I thought I saw you today

4/25/17 10:00a

I was driving through downtown and looked over – it could have been you, walking down the sidewalk wearing big sunglasses and a familiar coat, dark hair. I wasn’t sure if I wished was you or glad it wasn’t.

Why lie? I know already

April 4, 2017

Why must you hide your truth from me? I was being your friend, but it turns out you can’t be mine.

You wrote “I no longer surround myself with men… I no longer care what people think of me.” And, that you are happy being single. Yet the very same day you change your profile picture and relationship status. You think that locking me away from your profile will keep me from finding out? There are too many ways to learn the truth on the internet.

It hurts that you lie to me so much. That is why I don’t post or reply to your emails.

I learned my lesson

I forgive. But I will never let anyone get close enough, the way I let you get close, to hurt me the way you hurt me. I will no longer let my forgiveness become my foolishness!

unfriended

3/22/17 – Her: I unfriended you on FB. I know it will piss you off. I feel like I need to sensor things, or delete people’s comments because I don’t want you to get hurt. I posted last night that I fell in love. I realized even though I have fallen in love with me and my life, I didn’t want that post to hurt you. I was going to delete, but then I thought “it is my page, I shouldn’t have to worry about what I post”. I do worry. I don’t want to make you sad if you see pictures of me doing things. I don’t want you to hate me….

Not pissed of, just hurt beyond belief. Time to run away.

Happy Spring

I’m glad you’re having fun. It’s about time.

I was backing off from texting and emailing you this week. Just as I need to be careful to not grab at stings that only pull my heart but lead nowhere, I understand you don’t need me pulling you back to home when you’re not coming back.

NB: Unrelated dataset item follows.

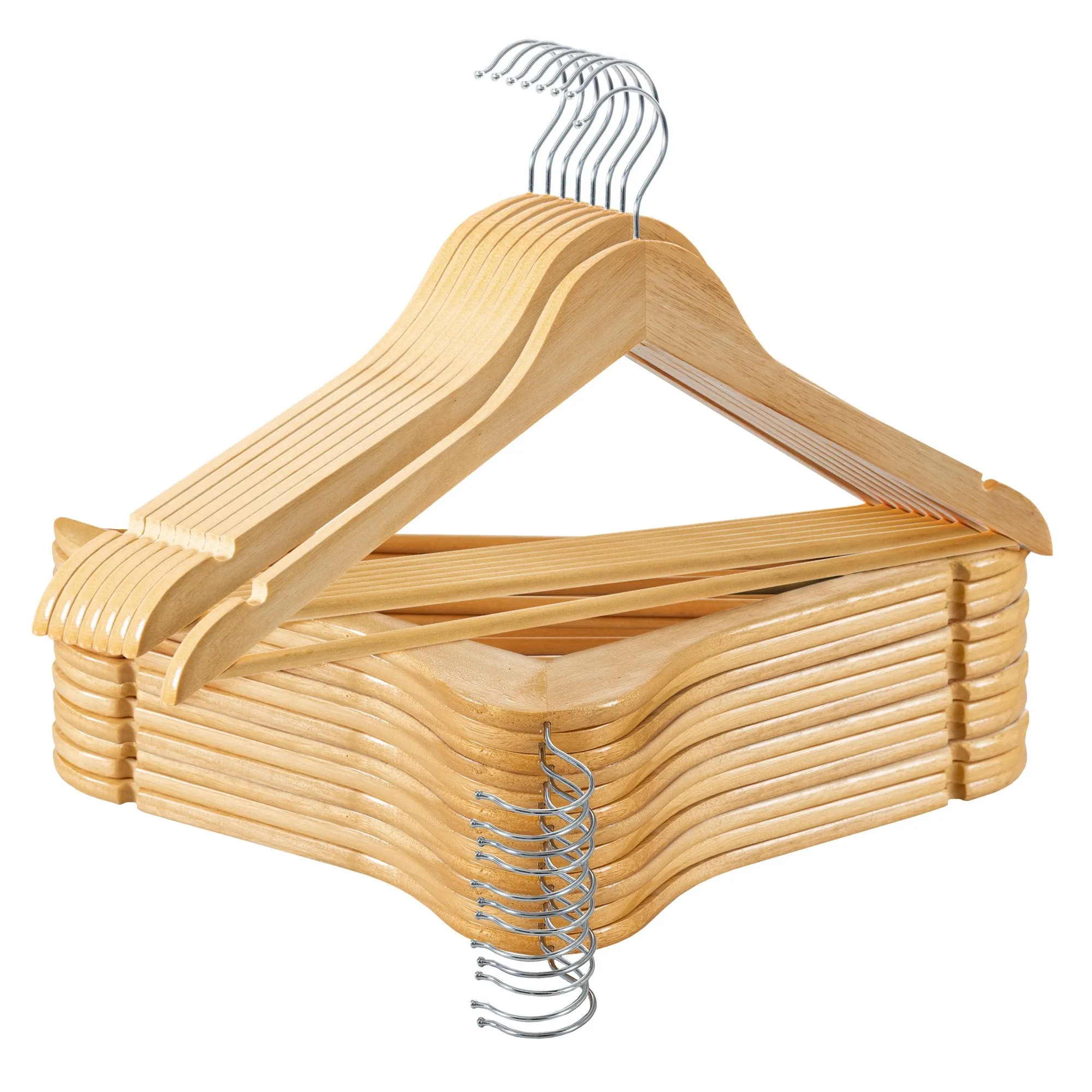 Wooden Hangers 30 Pack - Coat & Suit Hangers with 360Â° Swivel Hook & Non-Slip Notches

I am truly happy that you are finding happiness and success. You deserve it, all the happiness life has to give.

Love, always and forever.

P.S. Feel free to messenger any time

1 Comment

Her 3/21/2017 05:19:27 am

As usual I feel like shit. You call and text, yet I am the one who feels guilty. I had a very long comment that I deleted. It was the same thing I always say. Reading a book called Everything Happens for a Reason.. .. It is very insightful.